CONCESSIONAL CONTRIBUTIONS – TAX RATE
• Currently, the superannuation fund pays 15% tax on concessional contributions. Higher income individuals earning over $300,000 pay an additional 15% tax on the contributions under Division 293. That threshold will be reduced to $250,000. The combined tax will still be lower than their marginal rate.
CONCESSIONAL CONTRIBUTIONS – WORK TEST
• The current restrictions on people aged 65 to 74 making superannuation contributions for their retirement will be removed from 1 July 2017.
• From 1 July 2017 all individuals up to age 75 will be allowed to claim an income tax deduction for personal superannuation contributions.
NON-CONCESSIONAL CONTRIBUTIONS – $500,000 CAP
• A $500,000 lifetime non-concessional contributions cap will be introduced. All non-concessional contributions since 1 July 2017 will count towards the cap. Excesses will need to be withdrawn, or a penalty tax will apply.
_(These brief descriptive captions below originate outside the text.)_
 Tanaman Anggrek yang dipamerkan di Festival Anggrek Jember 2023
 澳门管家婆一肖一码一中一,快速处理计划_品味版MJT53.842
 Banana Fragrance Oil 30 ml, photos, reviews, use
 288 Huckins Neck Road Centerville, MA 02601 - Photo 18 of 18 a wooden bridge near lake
• However, excess non-concessional contributions made before 7:30pm on 3 May 2016 are not subject to these rules.
• We understand this cap will not impact individuals who have used the $500,000 capital gains tax retirement exemption. Further guidance on this is expected.
RETIREMENT PHASE – $1.6M CAP
• From 1 July 2017, individuals will only be allowed to transfer $1.6m of accumulated superannuation into retirement phase, plus the earnings thereon. These changes limit the amount of superannuation savings that high wealth individuals can apply the earning tax exemption to.
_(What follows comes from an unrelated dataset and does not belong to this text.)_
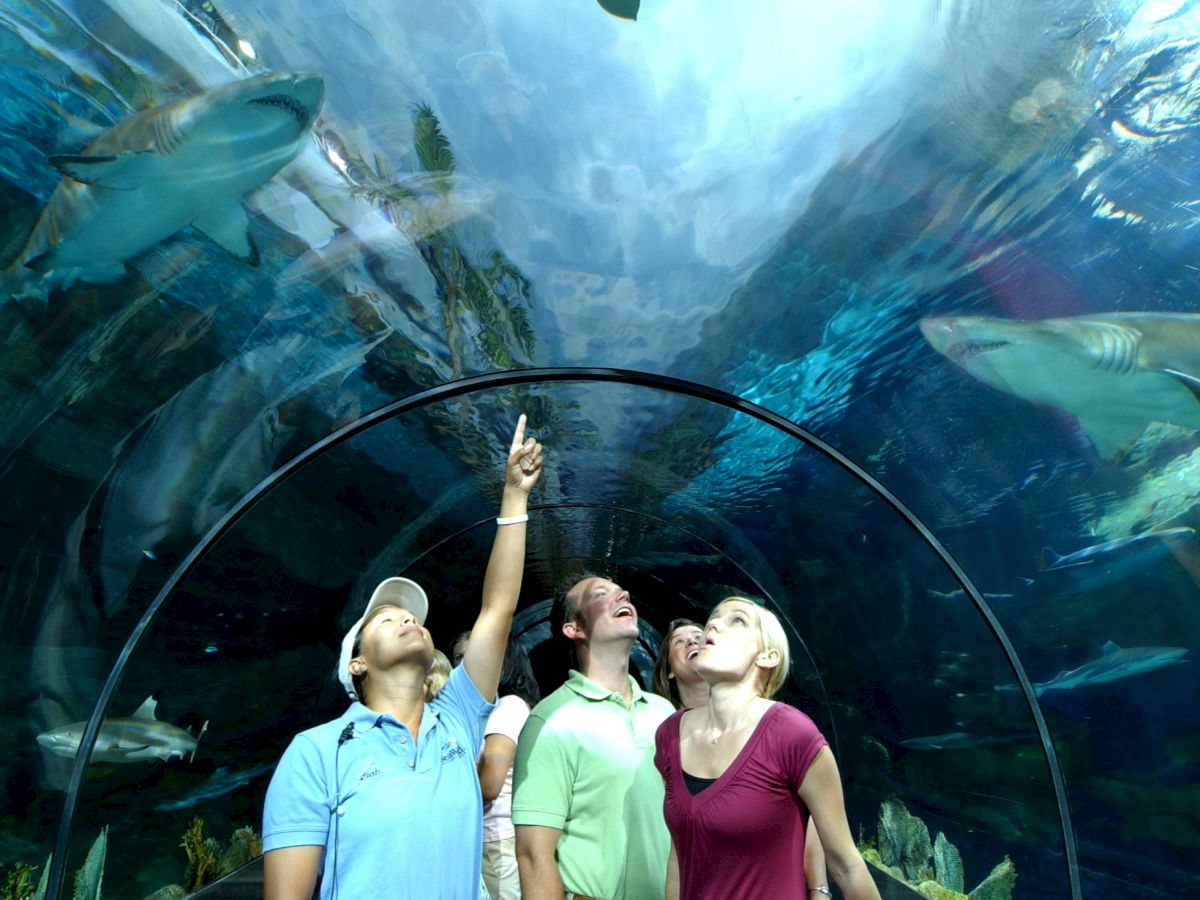 A group of people is in an underwater tunnel at an aquarium, looking up and observing a large shark swimming above them in the tank.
• Existing balances will need to be reduced back to $1.6m by 1 July 2017. That is, any excess must be transferred back to accumulation phase where 15% tax applies to earnings.
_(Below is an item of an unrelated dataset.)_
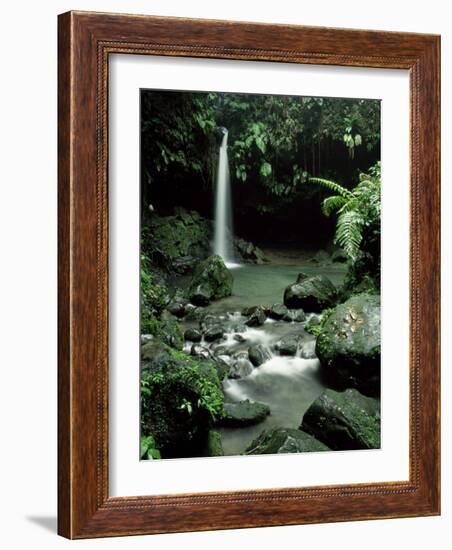 Waterfall Flowing into the Emerald Pool, Dominica, West Indies, Central America-James Gritz-Framed Photographic Print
RETIREMENT PHASE – TRANSITION TO RETIREMENT PENSIONS
• From 1 July 2017, the tax exemption on earnings of assets supporting Transition to Retirement Income Streams will be removed.
• Transition to retirement pensions will be considered an accumulation phase product which is subject to 15% earnings tax in the fund.
• This change may increase incentives for some individuals to retire before age 65, and draw a retirement pension instead.
• The income threshold for the low income spouse offset (whether married or de facto) will be increased from $10,800 to $37,000 from 1 July 2017.
TARGETED AMENDMENTS TO DIVISION 7A
Targeted amendments will be made to the rules for closely-held, private groups (in Div 7A of the Income Tax Assessment Act 1936) from 1 July 2018.
The amendments will include:
• a self-correction mechanism for inadvertent breaches of Div 7A without attracting a penalty;
• appropriate safe-harbour rules to provide certainty in certain circumstances where an asset is provided for use by a company to a shareholder or associate;
• simplified Div 7A loan arrangements; and
• a number of technical adjustments to improve the operation of Div 7A and provide greater certainty.
Note: The Government has not provided any details as to precisely what the simplification of Division 7A arrangements entails. Alarmingly, the Government might be intending on adopting the proposals set out in the Board of Taxation’s Division 7A Review, which provided that all Division 7A loans should be repayable within ten years of the introduction of the new rules regardless of the date in which these loans were made. This would mean that pre December 1997 loans and pre December 2009 unpaid present entitlements could now be subject to Division 7A and must be repaid within ten years of the legislation coming into effect.